This exercise calls for every record to be returned exactly, with pictures removed.

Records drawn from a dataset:
-*-
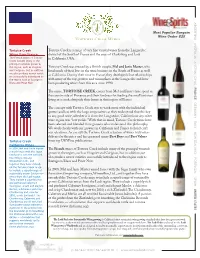 Tortoise Creek Is a Range of Very Fine Varietal Wines from the Languedoc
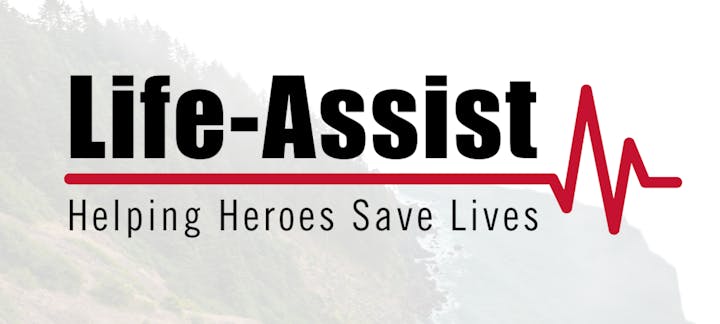 Logo with text "Life-Assist," slogan "Helping Heroes Save Lives," and a heartbeat line.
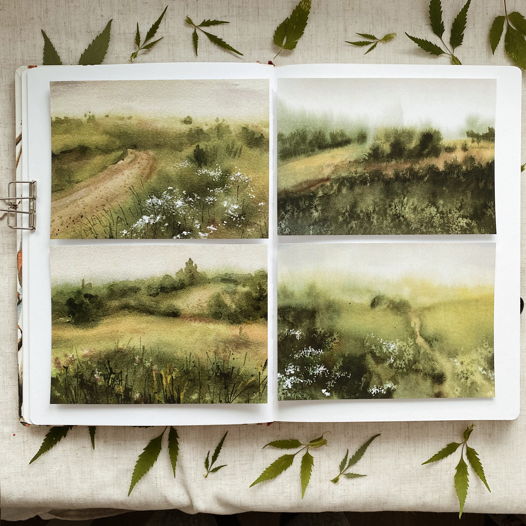 "Поля", набор из 4 открыток с авторскими иллюстрациями, 10х15см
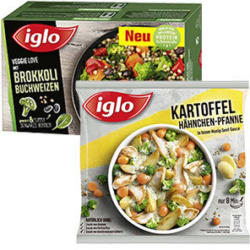 iglo Fertiggerichte oder Veggie Love versch. Sorten, gefroren, jeder 450-g-Beutel
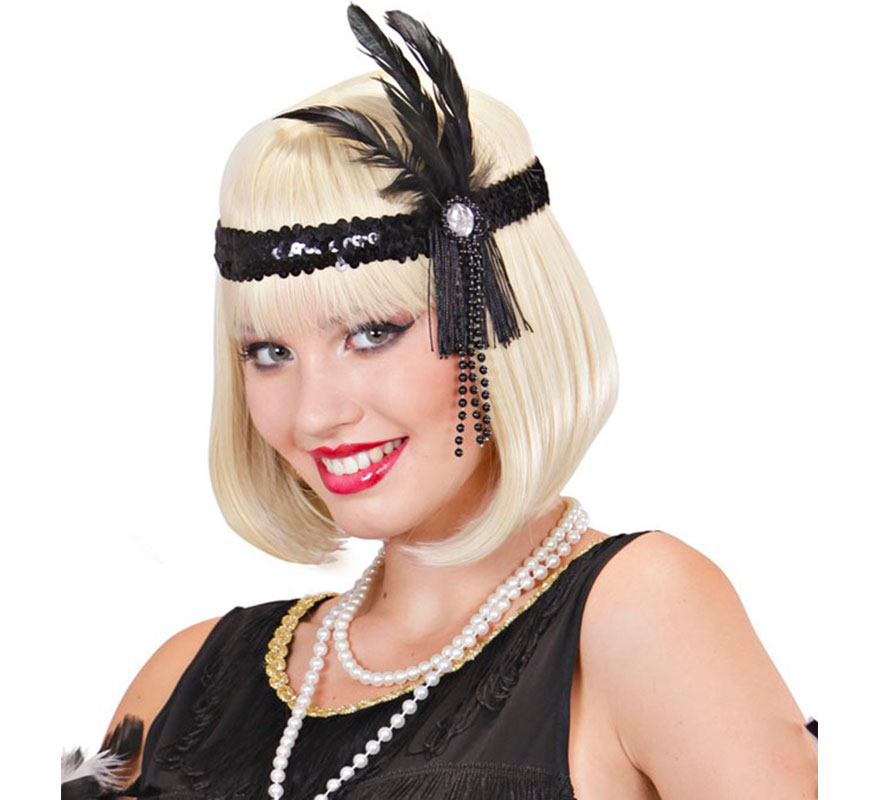 Black ribbon with Cabaret feathers-B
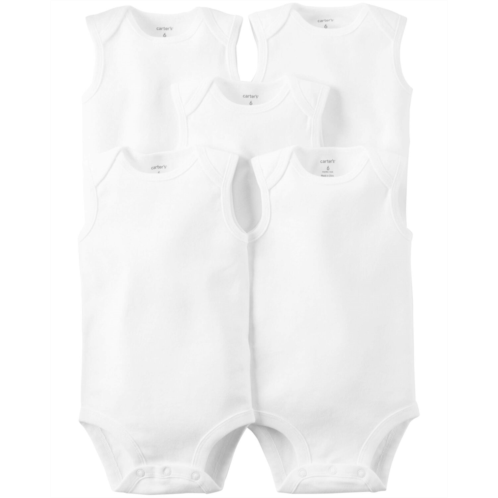 Carters White Baby 5-Pack Tank Bodysuit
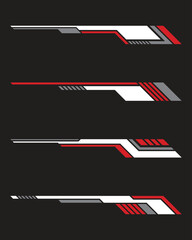 Abstract futuristic geometric racing sticker collection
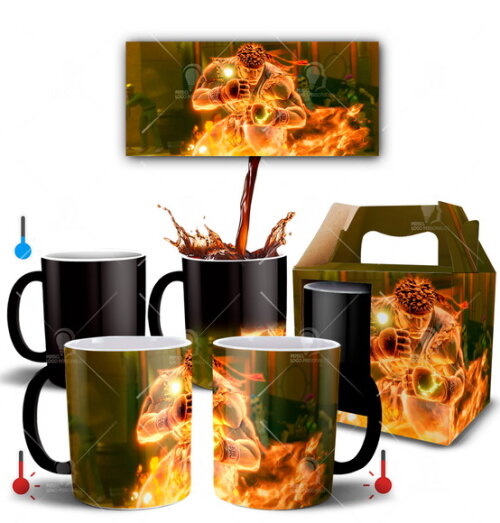 Caneca Mágica Game Street Fighter Ryu + Caixinha Mod 001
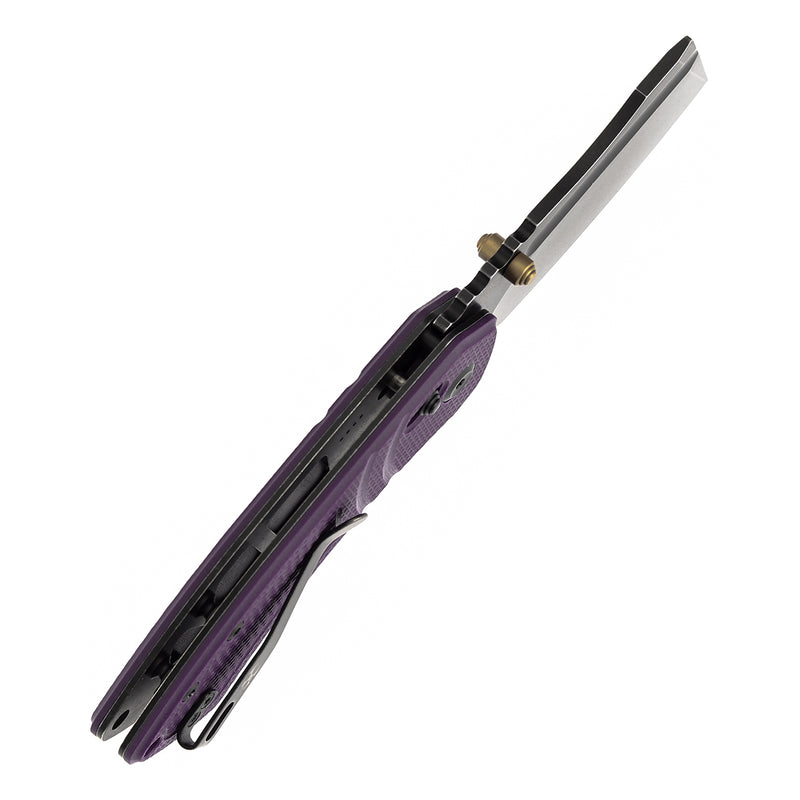 Kansept Korvid V TE2030V3 Blackwash D2 Blade Purple G10 Handle Crossbar Lock Folding Knife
-*-
### EXERCISE SOLUTION
 Tortoise Creek Is a Range of Very Fine Varietal Wines from the Languedoc
 Logo with text "Life-Assist," slogan "Helping Heroes Save Lives," and a heartbeat line.
 "Поля", набор из 4 открыток с авторскими иллюстрациями, 10х15см
 iglo Fertiggerichte oder Veggie Love versch. Sorten, gefroren, jeder 450-g-Beutel
 Black ribbon with Cabaret feathers-B
 Carters White Baby 5-Pack Tank Bodysuit
 Abstract futuristic geometric racing sticker collection
 Caneca Mágica Game Street Fighter Ryu + Caixinha Mod 001
 Kansept Korvid V TE2030V3 Blackwash D2 Blade Purple G10 Handle Crossbar Lock Folding Knife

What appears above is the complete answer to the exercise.